(Web page caption snippets)
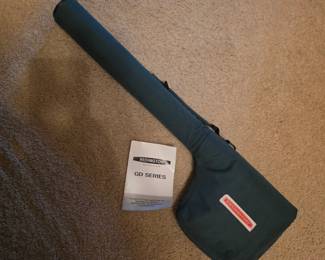 Redington Tackle Co. GD Series fishing rod & case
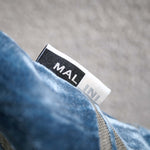 Ivor Hexagon Velvet Blue Square Cushion - Ivor Blue Cushion 43x43CM Accessories Sterling Home 4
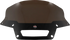 KLOCK WERKS Kolor Flare™ Sport Windshield - 6" - Bronze - FXLRST KWW-02-0628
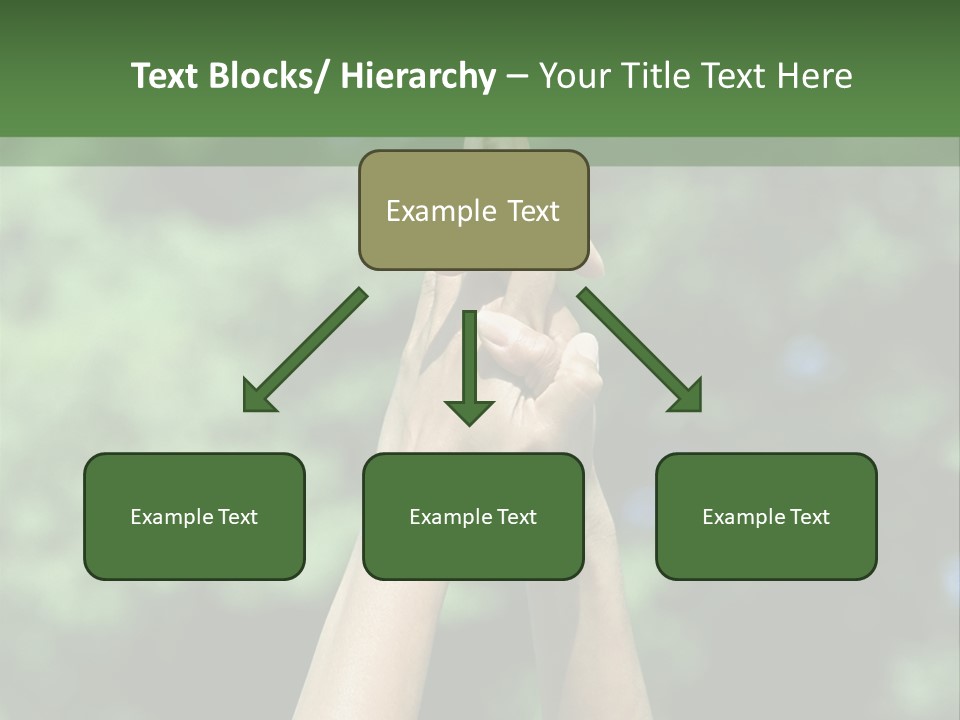 Guys Two Rear View PowerPoint Template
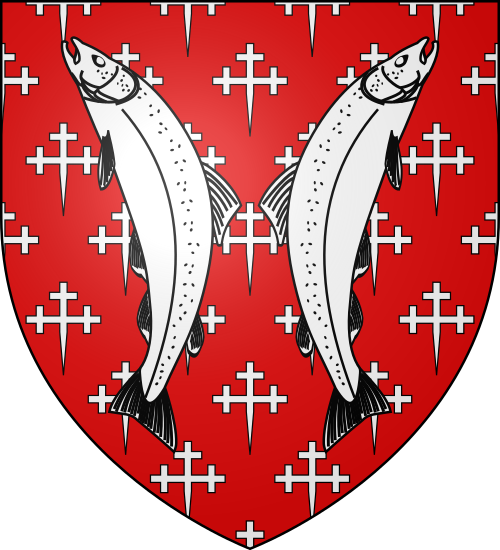 Blason de Pierre-Percée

● Assigned task: Beginning with the line that contains "Guys Two Rear View PowerPoint Template" in the data above, please copy each line exactly until the last line, both ends included, skipping any pictures.

● Written response:
 Guys Two Rear View PowerPoint Template
 Blason de Pierre-Percée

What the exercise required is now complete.